Leur camaraderie informelle concorde avec le fameux paradigme du « Je-Tu » de Martin Buber, dont le cinquantième anniversaire de décès est également souligné cette année. Martin Buber occupe une place spéciale dans les cœurs de la famille CICJ parce que le siège social du CICJ se trouve actuellement dans son ancienne résidence, à Heppenheim en Allemagne. Aussi, pape François, je demande au trésorier du CICJ, le docteur Abi Pitum et à la secrétaire générale, madame Anette Adelmann, tous deux d’Allemagne, de vous présenter notre deuxième modeste présent. C’est un exemplaire de la première édition d’un volume d’essais écrits par le professeur Buber, signé par l’auteur lui-même et publié en 1936, une année qui a une grande signification pour vous[6] . La dédicace explique en substance que c’est seulement en passant du temps ensemble que nous pouvons relever le défi de trouver les idées dont notre époque a besoin. Puissent les paroles du professeur Buber inciter les juifs et les chrétiens à travailler ensemble à relever les défis de notre propre époque. 

L’avenir

Finalement, nous en arrivons à l’avenir. Réfléchissant à la manière de décrire la relation émergente entre chrétiens et juifs, le rabbin Daniel Lehmann a proposé ceci : « Je suggère (…) la métaphore de ce que nous [juifs] appelons en araméen un havrouta, c’est-à-dire un partenaire d’étude. Un  partenaire d’étude est quelqu’un avec lequel vous étudiez des textes bibliques ou d’autres types de textes traditionnels; mais vous étudiez en vue d’entrer en dialogue, en ayant un interlocuteur avec lequel la vérité peut émerger tandis que vous exprimez vos différents points de vue sur les textes. C’est une sorte de relation très intime, dans laquelle on éprouve le sentiment d’une communion aux mêmes textes, voire même d’une relation d’alliance, mais dans laquelle les partenaires ne cherchent pas seulement à se mettre d’accord, mais plutôt à voir comment la différence de point de vue de l’un peut accroître la compréhension chez l’autre »[7] .

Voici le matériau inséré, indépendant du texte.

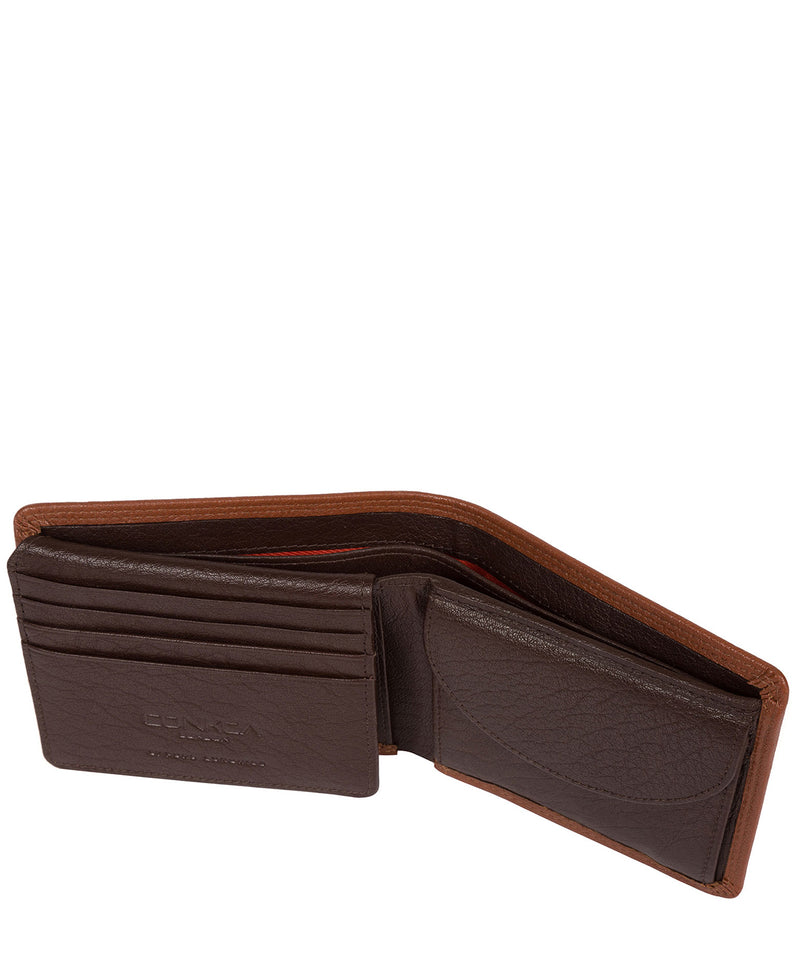 'Miller' Chestnut Dark Brown Bi-Fold Leather Wallet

Les paroles du rabbin Lehmann rappellent celle du pape Benoît XVI : « […] nous nous reconnaissons le devoir de faire en sorte que ces deux manières de faire une nouvelle lecture des écrits bibliques – celle des chrétiens et celle des juifs – entrent en dialogue entre elles, pour comprendre correctement la volonté et la Parole de Dieu »[8] .

Et vous-même, pape François, vous avez écrit : « Le dialogue et l’amitié avec les fils d’Israël font partie de la vie des disciples de Jésus. (…) Il existe une riche complémentarité qui nous permet (…) de nous aider mutuellement à approfondir les richesses de la Parole »[9] . Votre perspective est certainement redevable à vos propres échanges avec des amis juifs, en particulier le rabbin Abraham Skorka, président du comité organisateur du congrès du CICJ de l’an dernier à Buenos Aires. Il a écrit, de façon émouvante, dans le livre où sont recueillis vos dialogues : « Dialoguer (…) c’est rapprocher son âme de celle de l’autre afin de révéler et d’éclairer ce qu’il y a en lui. (…) Le souffle divin qui habite l’un converge alors avec celui de l’autre pour tisser un lien qui jamais ne faiblira »[10] .

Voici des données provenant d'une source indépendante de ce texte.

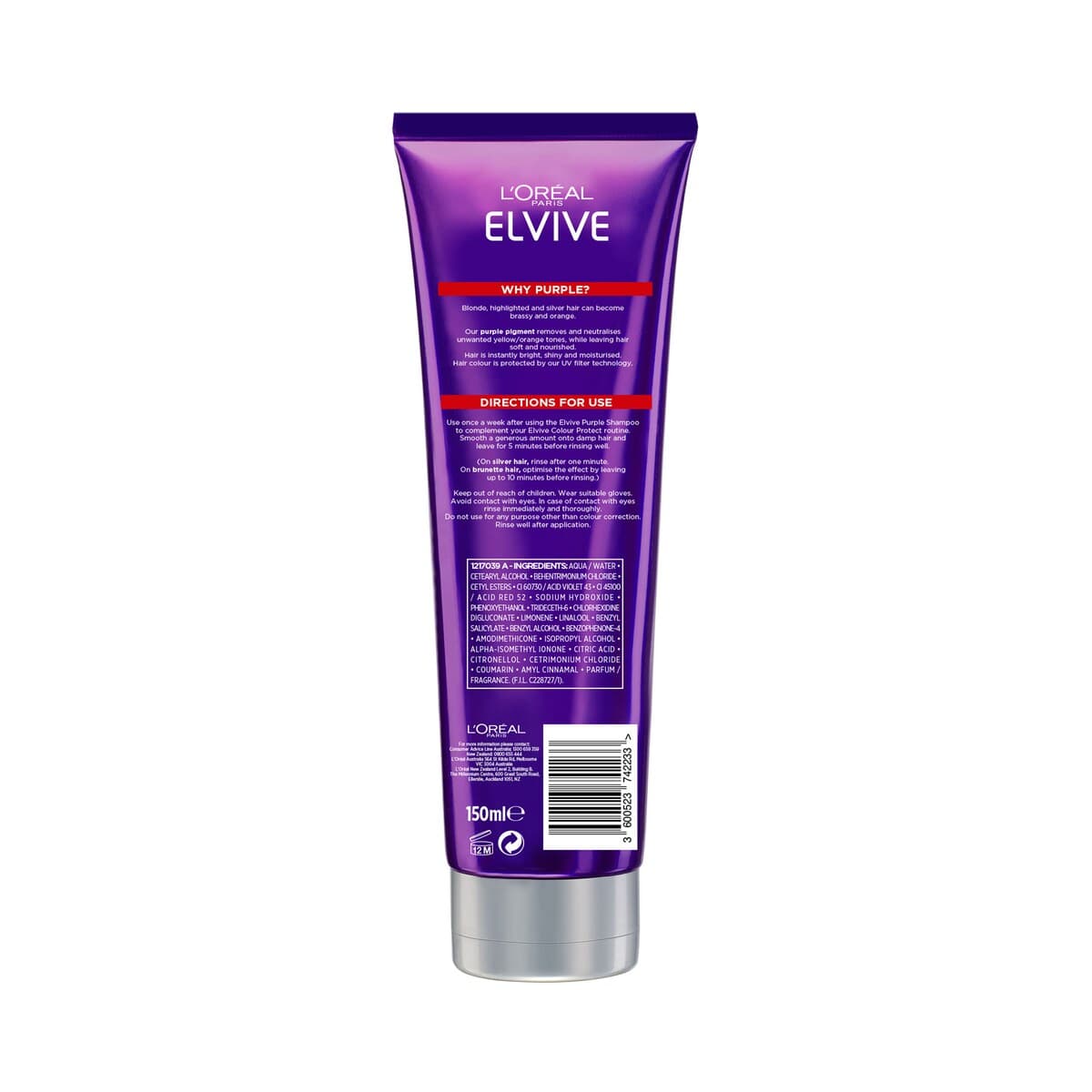 Thumbnail L'Oreal Elvive Colour Protect Purple Conditioner 150Ml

Pape François, cette expérience et plusieurs autres du même genre suggèrent que la nouvelle relation entre juifs et chrétiens, cinquante ans après Nostra Aetate, peut progresser au point que nous devenons capables de discuter des sujets dont nous n’avons pas parlé depuis, littéralement, l’époque du Nouveau Testament! À cause de l’affection authentique qui s’est développée entre nous, « à notre époque », nous pouvons enfin nous parler l’un à l’autre de notre interrelation devant Dieu. « À notre époque », nous pouvons commencer à explorer des questions religieuses d’une telle profondeur qu’elles ne peuvent être abordées par nous qu’en travaillant ensemble durant de longues périodes comme partenaires d’étude, dans la réciprocité et l’amitié. Aussi convient-il que notre troisième cadeau en soit un que nous voudrions également présenter au rabbin Skorka. Votre amitié bien connue est à la fois un signe de la période actuelle d’espérance et une invitation à envisager un futur regorgeant de possibilités encore plus grandes.

Pape François, comme vous le savez, dans plusieurs cathédrales médiévales, on a représenté Ecclesia, l’Église, sous les traits d’une femme majestueuse, couronnée et puissante, triomphant de sa rivale, une Synagoga vaincue, sans couronne et aveugle. Il est certain qu’après Nostra Aetate, de telles représentations inamicales sont en contradiction directe avec l’enseignement de l’Église. C’est pourquoi l’Université Saint-Joseph de Philadelphie a commandé une sculpture originale intitulée « Synagoga et Ecclesia à notre époque », pour célébrer à travers l’art notre chemin d’amitié depuis Nostra Aetate

Comme cadeau du CICJ symbolisant le futur, mon collègue et havrouta à l’Université Saint-Joseph, le professeur Adam Gregerman et moi-même présentons, à vous et au rabbin Skorka, deux petites répliques de cette sculpture qui sera inauguré en septembre.


« Synagoga et Ecclesia à notre époque »[11] 

La version grand format donnera à voir la Synagogue et l’Église représentées avec noblesse et grâce, étudiant joyeusement leurs textes sacrés ensemble, comme des amies. Pape François, le CICJ croit que c’est notre devoir devant Dieu, en ces temps bénis, de chercher activement l’un et l’autre, comme amis et partenaires d’études, à être véritablement, selon les termes du saint pape Jean-Paul II, « une bénédiction l’un pour l’autre »[12] . Un tel partage dans l’étude conduira à l’approfondissement de notre vie d’alliance avec le Dieu saint et donnera de l’espoir au reste du monde.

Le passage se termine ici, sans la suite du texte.